Tamahar Trust – Penning Down Our Journey of the Last 11 Years

An idea is a seed that first happens before any action. It took me some years to make my dream come true. And this is exactly how the seed of Tamahar was sown. ~Mrs. Vaishali Pai, Founder-Director, Tamahar Trust

Tamahar Trust-Founder-Director Mrs Vaishali Pai
Our Founder-Director Mrs Vaishali Pai

We completed 11 years this year, in January, just before the pandemic hit the world, we celebrated our 10 years, Dashanjali, a celebration of ten years of hard work, persistence, learning, and a never-give-up attitude. It was also an occasion for us to recognize the relations we’ve built over the years and an opportunity for us to forge new bonds as we grow our Tamahar family. As we have begun our 12th year of working toward a better life for children with special needs and their families, we’re going on a small flashback to our humble beginning.

Our journey began in the year 2009 with just 1 program having 4 children, 1 employee, Tripti BG, and 1 friend, Sree Rao, who was hell-bent to help our Founder-Director, Mrs. Vaishali Pai succeed.

Tamahar Trust programs
Our first employee and now, the COO of Tamahar Trust, Mrs. Tripti BG

From then to now, we’ve grown organically, through word of mouth and referrals. At 45+ employees across programs and operations teams, we stand strong as a family committed to ensuring the best for our children.

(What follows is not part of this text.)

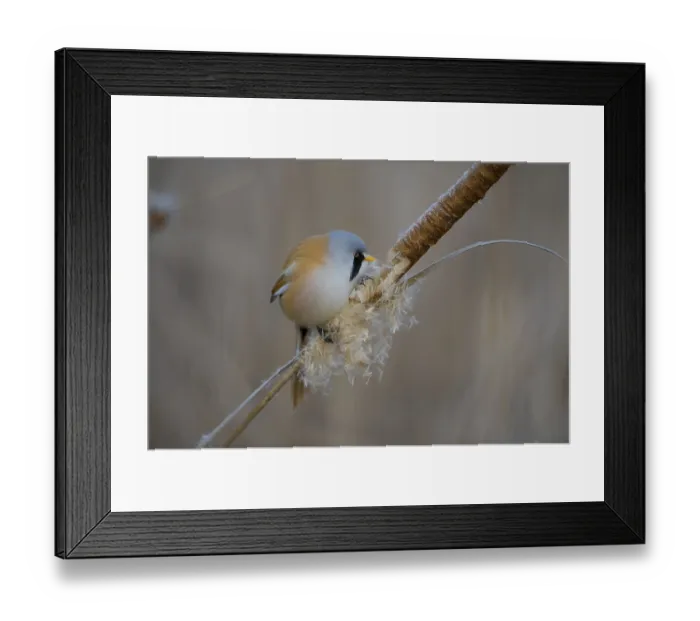 Framed Print : Bearded Reedling (Panurus biarmicus) male feeding on cattail seed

A session in progress at Tamahar Trust
A session in progress at Tamahar Trust

A mission to empower as many children with special needs and their families as humanly possible.

Tamahar Trust Staff
Our staff who are our life force

This we do through our strong workforce – a group of almost all-women whom we hired simply because they had in them, the passion to learn and contribute meaningfully while carving a better future for themselves. So, apart from formally qualified professionals especially in physiotherapy, occupational therapy, and mental health spaces, we also employed women who had a high emotional quotient which held an extremely important place for us, over and above their formal educational qualifications. We were also looking for those women who were passionate about creating a better future for themselves and their families, had within them, an immense love for children, and caring nature. This we say with pride, we have managed to skill women who would have otherwise continued to do unskilled jobs and created job opportunities improving the lives of at least 40 families.

We have not restricted our training to just our staff but have ventured into awareness and advocacy programs as well. Mrs. Vaishali Pai and our COO Mrs. Tripti BG have taken the building blocks of the programs at Tamahar to various parts of the state as well as a few programs in other parts of the country. This has helped us train more individuals and organizations in the areas of special needs and disabilities.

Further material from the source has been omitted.